Tickers in this article: AAPL P
NEW YORK ( TheStreet) -- I should write a book.

There's so much misinformation printed, almost hourly, about Pandora (P) that the need exists.

My radio background helps me understand this company better than most, particularly when considering competitive threats, (e.g., from Apple (AAPL) ) and the markets Pandora targets.

The stock sucks right now. No question about that. Pandora deserves blame for some of the downside. However, short-term noise, by and large, dictates the stock's near-term fate. Everything from the Apple "threat" to weak guidance after a Q3 profit.

And, while you cannot call the royalty battle in Congress "noise," it's not like Pandora is the only company dealing with suffocating content acquisition costs. Spotify has it bad; they just use a different system for licensing music.

To that end -- and speaking of misinformation -- Pandora and Spotify don't just use different systems for securing songs, they are two very different complementary products.

It's difficult for people -- namely (and sadly) the people who write about the Internet radio space -- to understand this, but Pandora is radio.

In many ways, it's nothing like the radio we grew up with and still listen to. In fact, Pandora -- alongside iTunes -- took the radio industry as we knew/know it and opened up a can of disruption on it that has already gone down in history.

Pandora did what terrestrial was never able to do. It brought personalization and discovery to radio with the Music Genome Project.

You lay a seed -- a song, an artists, etc. -- and Pandora becomes your personalized radio station. The more you listen and interact with the platform, the better it gets at personalization of stuff you like and discovery of acts and tracks you might like, never heard of or had forgotten about.

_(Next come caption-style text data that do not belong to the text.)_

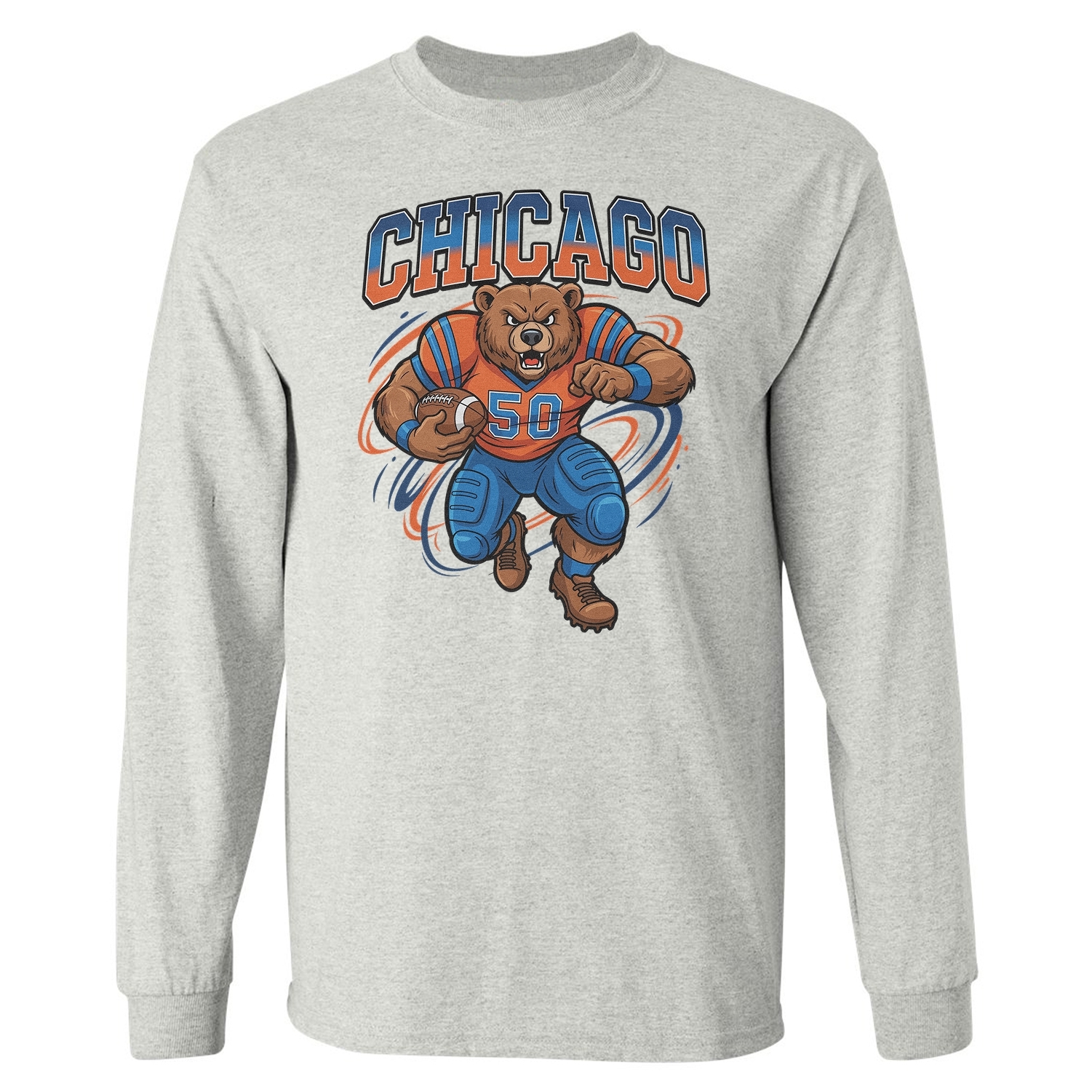 Animated Bear Inspired Chicago – Football Fans Design Long Sleeve Tshirt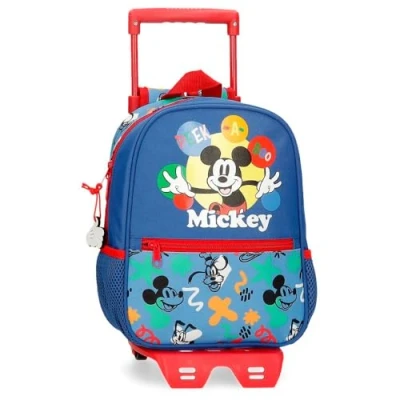 Image of Joumma Disney Mickey Peek a Boo Preschool Backpack with Trolley Blue 23x28x10cm Polyester 6.44L, Blue, Trolley,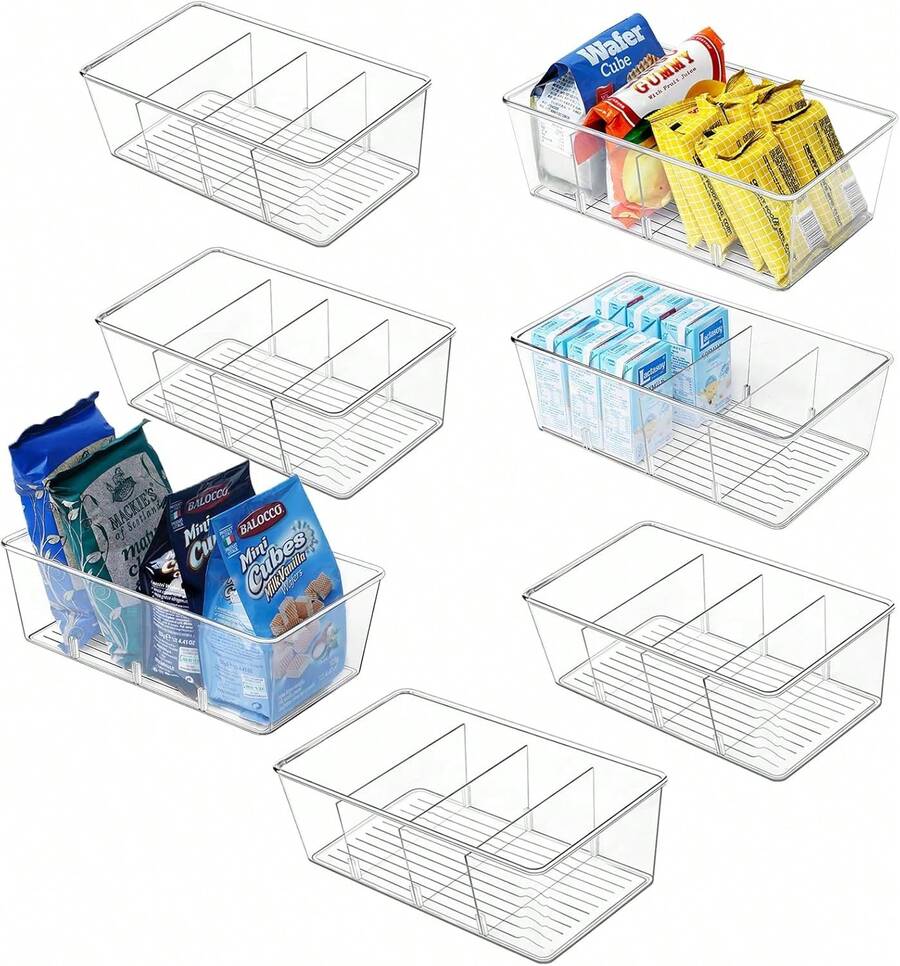 Pantry Organizers And Storage,Kitchen Organizers And Storage For Fridge,Drawer And Refrigerator - Spice Organization For Cabinet,Clear Plastic Stackable Organizer Bins With 3 Dividers (7 Pcs) - 白色 - 查看 1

So, while in one respect, you can label Pandora as "passive," it's really the opposite. Sure, you can sit back, do nothing and listen, but that's hardly a static proposition.

There's a market for radio. Traditional radio still commands hundreds of millions of listeners each week and billions of dollars in advertising each year. That's the pie Pandora continues to successfully go after. Pandora competes primarily with and is overtaking traditional radio, particularly as FM signals increasingly give up on music and run formats such as news, talk and sports.

There's an incredible focus on these two points -- targeting traditional radio listening and advertisers -- at Pandora. People on the outside who refuse to consult the company completely ignore this. They discount Pandora's dominant share of Internet radio listening (more than 75%), increasing share of total radio listening (now at over 7%), surging mobile listener hours and monetization and a growing local advertising infrastructure.